Life updates: I graduated! I'm no longer a high school student! I keep thinking this is a normal summer and I'll be going back to school in a few months but no, it's over, I'm done! Which is crazy to think about. I also just finished Hypnospace Outlaw which is a game I think everyone, especially Neocities users, should play. It's a styilistic masterpiece, the puzzles are extremely engaging, and it made me want to reach through the screen and strangle Dylan Merchant with my bare hands. I'm not going to talk about it much because I don't want to spoil it, but PLEASE play it, you will not regret it. I'm already thinking about replaying it. My area also had a really bad storm recently and a tornado scare which resulted in my wifi being out for a bit. SAD. It's back now though!

Exciting update! I got impatient sitting on comic pages and just made a website for my webcomic 13 Beware, which you can find here! It's kind of bare bones, but it's just for hosting the comic, so I didn't think it needed anything more than that. I also opened commissions!

A commission sheet that has icon commissions in all caps at the top. To the left is a icon drawing of a white wolf with the text 500x500 pixel canvas underneath. Under will do furry/anthro, animals, and gore is listed. Under wont do NSFW, humans, mech, detailed backgrounds, and bigoted/hateful content is listed. Underneath the lists text says I have the right to refuse any offer. At the bottom right it says discord: surlmog and at the bottom left it says only payment through paypal ONLY. In the bottom middle it says the price, $15.00 United States dollars.
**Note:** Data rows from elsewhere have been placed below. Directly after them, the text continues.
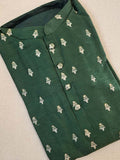 Dark bottle green chanderi silk kurta with silver Zari buttas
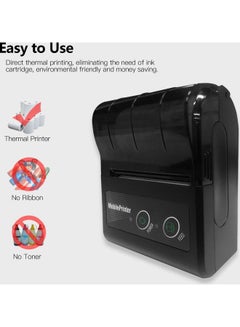 Generic Portable Wireless Thermal Printer With Paper Roll Black  - Image 2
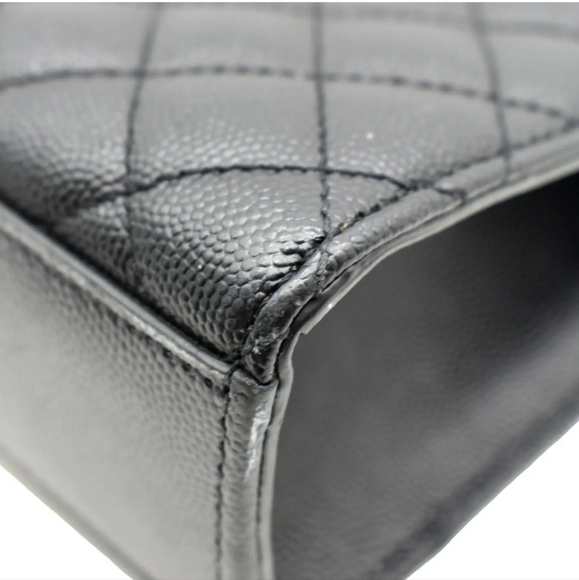 YVES SAINT LAURENT Large Envelope Leather Chain Shoulder Bag Black - Picture 9 of 15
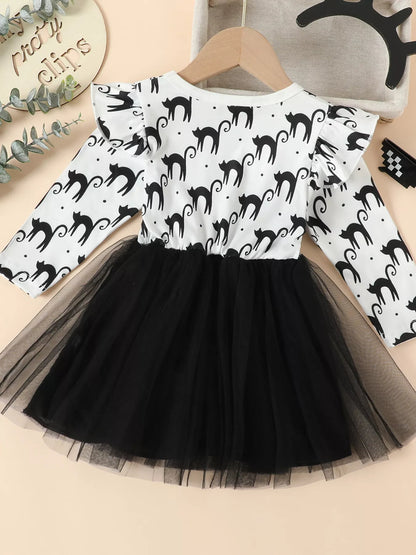 Children's Halloween Cat Eye Ruffle Tulle Dress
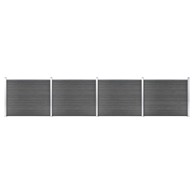 Set panela za ogradu, 699 x 146 cm, WPC, crni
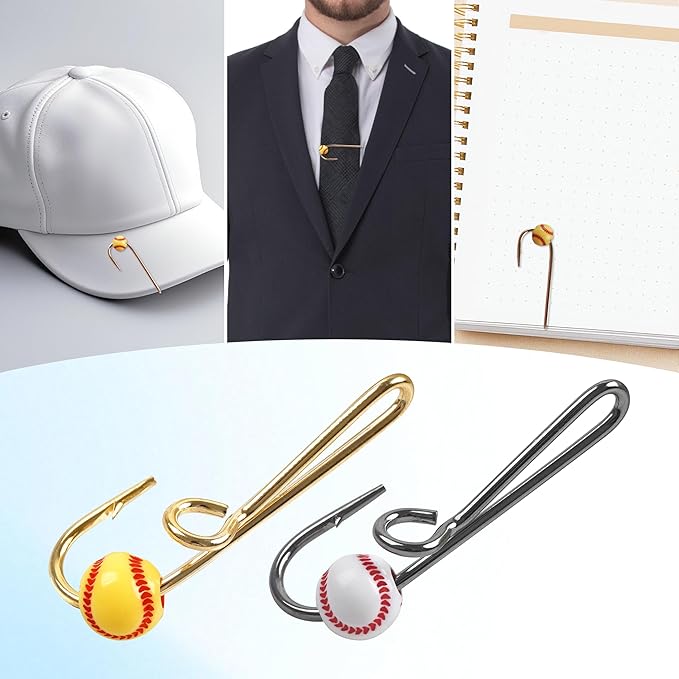 Fishing Hook Hat Pins & Clips - 12PCS Gold/Black Fish Hook Hat Tie Clips for Outdoor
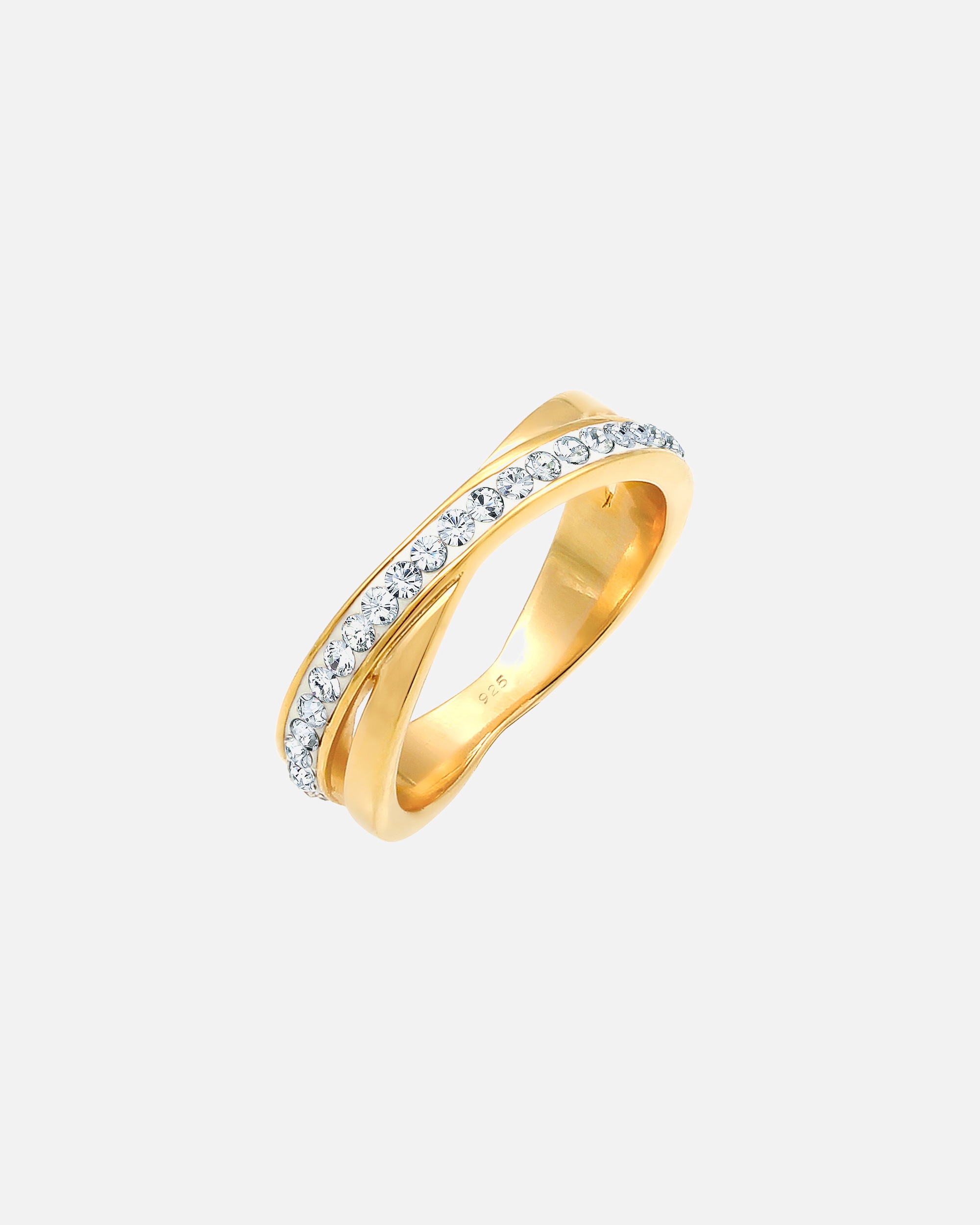 Ring für Weiblich Elli Wickelring Edel 925 Silber, mit Kristallen von Swarovski® 62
Contact me on Discord @surlmog or email me @eclipsewolf333@gmail.com if you're interested!

log no. 32, 4/14/24

Oh wow! It's been a couple months! I haven't had much motivation to update here lately, nor have I had much to say lately... I've been so caught up in a ton of other things. Finding things to talk about here has been hard! I've been thinking about putting more of my art up here in the form of galleries for each story but instead of hosting the images here on Neocities, I would instead host them on File Garden so they don't take up all of my space. It would also give me something else to code. Yayyy (I'm going a bit nuts not being able to code anything I actually WANT to code).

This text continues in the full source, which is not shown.